Two Australians owe the country more than 32 million Australian dollars ($25 million) in dodged taxes and penalties, according to officials behind a probe sparked by the Panama Papers investigation.

CE Wang and Zhao Hui “Sophie” Shao were handed the bill following a review of 12 years of tax assessments  by the Australian Tax Office that was finalized last November.

Fearing that the pair, who are now separated, could dodge the fine by quickly piping the money overseas, the ATO applied to one of the country’s highest courts for a freezing order.

Judge Wendy Abraham approved the order late last year, freezing 11 bank accounts and preventing the pair from selling three homes in Sydney.

The court decision did not cite the Panama Papers investigation, but The Daily Telegraph newspaper said that it “understands the trigger for the ATO audits was information contained in the Panama Papers.” The ATO told the International Consortium of Investigative Journalists that it could not comment on matters before the court.

ICIJ and German newspaper Süddeutsche Zeitung, collaborating with more than 380 journalists worldwide, released the Panama Papers investigation in April 2016. Exploring more than 11 million documents from the Panamanian law firm Mossack Fonseca, journalists revealed how politicians, fraudsters, celebrities, industrialists, drug dealers and alleged arms traffickers obscured their wealth and business deals through shell companies and tax havens.

According to ICIJ’s tally, countries have since recouped more than $1.28 billion in taxes, fines and other penalties in relation to Panama Papers findings.
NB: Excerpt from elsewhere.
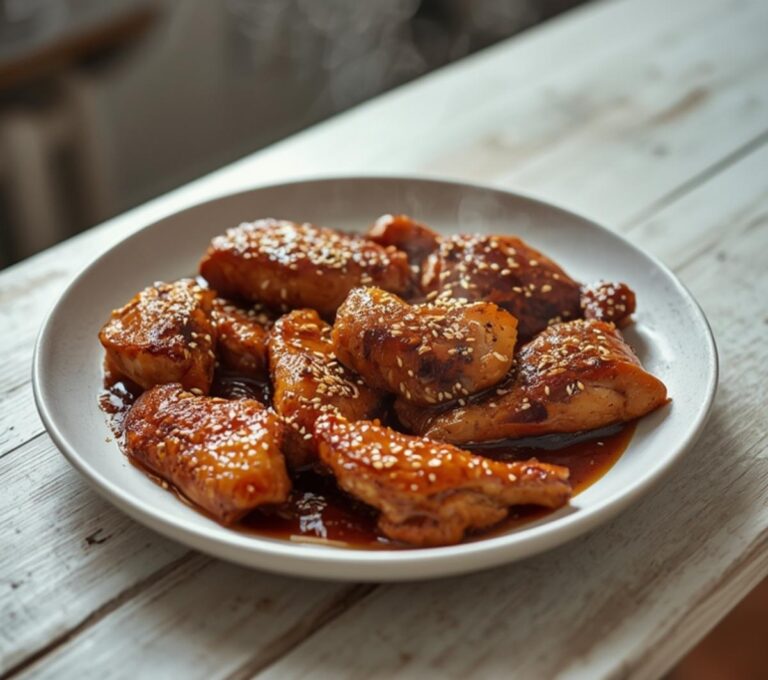 Keto Teriyaki Chicken: Juicy keto teriyaki chicken glazed in a caramel-brown sauce in a skillet, topped with sesame seeds.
Transferring funds offshore

Wang was a shareholder of three offshore companies, according to the Panama Papers files. One company, Hisun Rubber Industrial Co. Ltd. in the British Virgin Islands, was named in the Australian freezing order.
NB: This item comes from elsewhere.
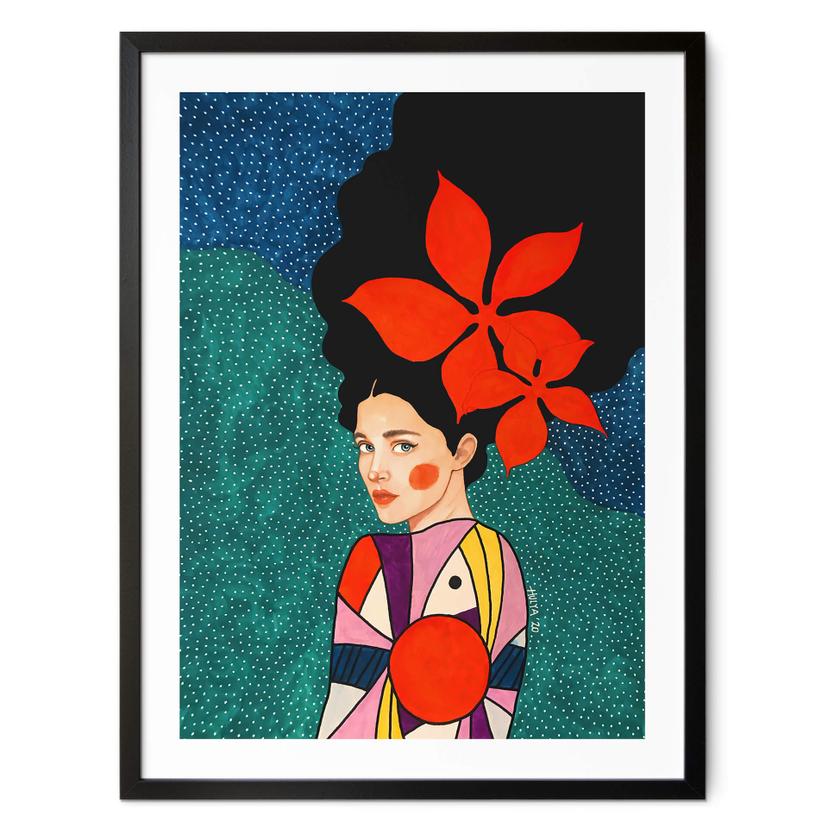 Plakat Woman with red flowers in her hair - Hülya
Wang is described as a “merchant” in the Panama Papers files. Shao’s name does not appear.

An archived version of Hisun Rubber’s website describes the company as a “professional manufacturer of molded rubber products, industrial rubber sheets and rubber hose.” The company’s website lists “Shopie Shao” as the company’s contact person.

Following the Panama Papers, the ATO launched an audit that discovered Wang and Shao’s “true income is far in excess of the income reported by them,” according to last year’s court judgment. The pair also provided “false, misleading or otherwise incomplete provision of information,” the ATO found.

The ATO requested a freezing order out of concern that the pair could scatter wealth beyond Australia’s reach, especially given their “significant financial connections” in China. “Substantial funds” had moved from Hisun Rubber into Australian bank accounts and other funds were transferred offshore, according to the ATO.

Wang had already “taken steps to dissipate assets” by transferring his interests in several properties to Shao, the ATO said. In one case, the ATO reported, Wang signed away his interest in one company for no value at all.

Wang could not be reached for comment. Shao told The Daily Telegraph that, “Obviously, there is a lot I have to say, just not at this stage. We are getting professional advice.”

The details about Wang and Shao’s case offer a rare and concrete insight into Australia’s response to the Panama Papers investigation. Australian officials launched probes into more than 1,000 individuals and companies following the investigation’s release in 2016. Police raided properties and seized silver bullion and coins, according to reporting by one of ICIJ’s Australian media partners, the Australian Financial Review.

Last month, the AFR reported that Australian officials have completed more than 500 audits and identified 147 million Australian dollars ($110 million) in taxes owed. A handful of complex criminal investigations continue, according to the AFR.